> _Information provided_
•••••

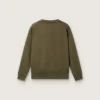 Hanorace unisex auriu din bumbac verde militar cu logo inversat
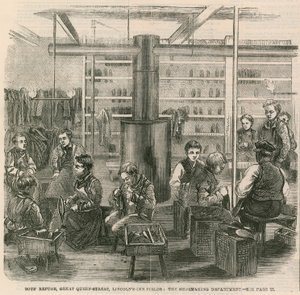 Jungenzuflucht, Great Queen Street, Lincolns Inn Fields, London - die Schuhmacherabteilung von English School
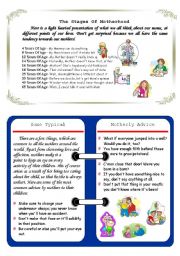 English Worksheet: Mothers Day Fun reading! Stages of Motherhood, Motherly Advice, My Mother Taught me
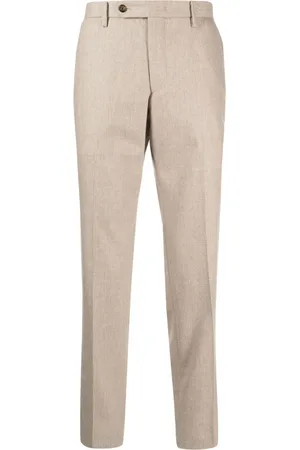 MAN ON THE BOON. Pressed-crease flannel tapered trousers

•••••

Return the listing verbatim, pictures excluded.

 Hanorace unisex auriu din bumbac verde militar cu logo inversat
 Jungenzuflucht, Great Queen Street, Lincolns Inn Fields, London - die Schuhmacherabteilung von English School
 English Worksheet: Mothers Day Fun reading! Stages of Motherhood, Motherly Advice, My Mother Taught me
 MAN ON THE BOON. Pressed-crease flannel tapered trousers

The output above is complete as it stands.